Wall Street's analyst woes are finally nearing an end. On Nov. 23, New York State Attorney General Eliot Spitzer, together with regulators from other states and the Securities & Exchange Commission, began briefing a dozen big investment banks on how much they'll have to pay to settle charges that their analysts biased stock ratings to win lucrative initial public offerings and other banking business. Regulators are hitting Citigroup (C) for $500 million and Credit Suisse First Boston (CSR) for around $200 million.

But what benefit will Mr. and Mrs. 401(k)--the victims of the boom-and-bust excesses that analysts helped create--reap from the settlement? Unfortunately, not much. In addition to money, the deal will create greater separation between the banks' research analysts and their investment banking co-workers, and it will force the banks to invest in independent research. But those moves will do little to help the average individual investor make more informed decisions about buying and selling stocks than he or she did before.

Regulators wouldn't agree with that assessment. They're imposing stricter rules on analysts' pay and contacts with investment bankers in hopes of reducing the temptation to bestow glowing ratings on companies being courted for banking business. Those rules will help clean up the market, but so long as banking pays the bills, they can't eliminate research biases.

The SEC and the states also figure that individuals will benefit from independent research by Wall Street boutiques. For the next five years, each of the Street's big banks will be required to employ an SEC-approved monitor who'll buy independent analysis whenever the bank issues a report on a company whose stock it underwrote. If the two recommendations differ widely, SEC officials say, the banks' brokers must inform clients of the disparity.

But even some regulators view this idea with skepticism. "I'm not sure who ever looked at any of these reports anyway," says one SEC doubter. Forcing the banks to buy independent research "may be creating a product for which there's no demand," admits another regulator.

There might not be much supply, either. "The high-value research boutiques won't bid on this business," predicts Charles L. Hill, director of research for Thomson Financial/First Call. Independent researchers thrive by selling insights to sophisticated institutions such as mutual funds and pensions. Before a research shop makes its wisdom available to Merrill Lynch & Co.'s (MER) thundering herd, the firm has to worry about damaging its standing with the investing elite. Those analysts who appear on CNBC have no obligation to back up their recommendations by providing reports to viewers. Individuals should not kid themselves: They'll never get the same insights as the big guys.

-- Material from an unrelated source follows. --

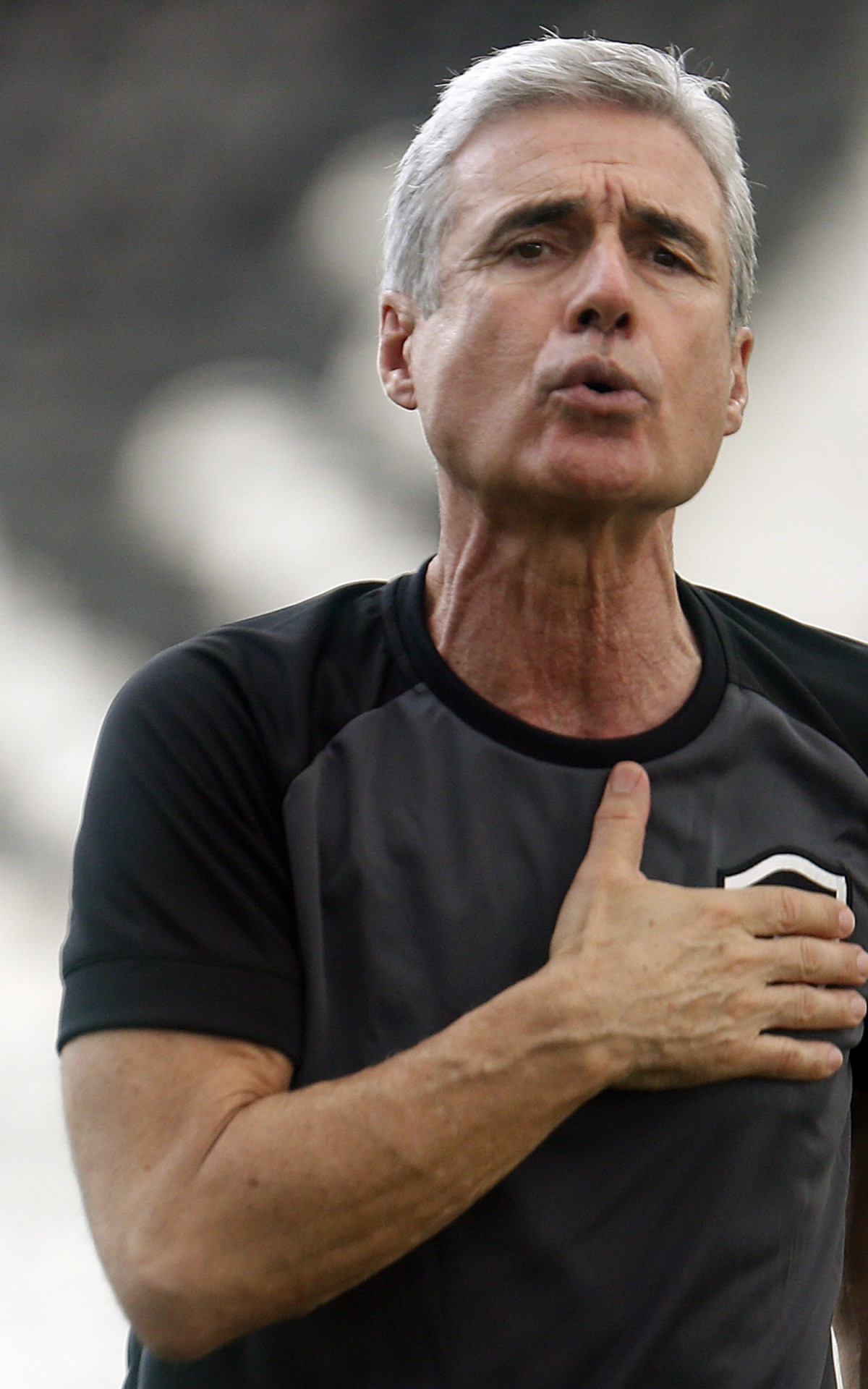  Luis Castro do Botafogo no Estadio Nilton Santos. 29 de Marco de 2022, Rio de Janeiro, RJ, Brasil. Foto: Vitor Silva/Botafogo. 
Imagem protegida pela Lei do Direito Autoral N&ordm; 9.610, DE 19 DE FEVEREIRO DE 1998. Sendo proibido qualquer uso comercial, remunerado e manipulacao/alteracao da obra.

Even clients can have a hard time getting research unless their balances meet the brokerage's minimums--and that situation will persist. "Anyone who hears a recommendation should be able to get the underlying report at a reasonable price," says Patricia D. Walters, senior vice-president of the Association for Investment Management & Research, a professional society for analysts and money managers. "But that's not on the table."

Would complete access to research make for a smarter investing public? Probably not. Studies show that few individuals ever read past the buy or sell rating to get to a report's details. That's not the only reason why complete access to research wouldn't help most individuals to become better investors. Studies by Brad M. Barber, a finance professor at the University of California-Davis, shows that Wall Street research tends to focus on small-cap growth stocks. That's the most fertile sector for IPO business, but it's hardly the basis of a well-rounded portfolio. Small-cap growth has been a quagmire since the market peak in March, 2000: Analysts' lowest-rated stocks outperformed their top picks by 20 percentage points in 2000 and 2001, according to Barber's studies.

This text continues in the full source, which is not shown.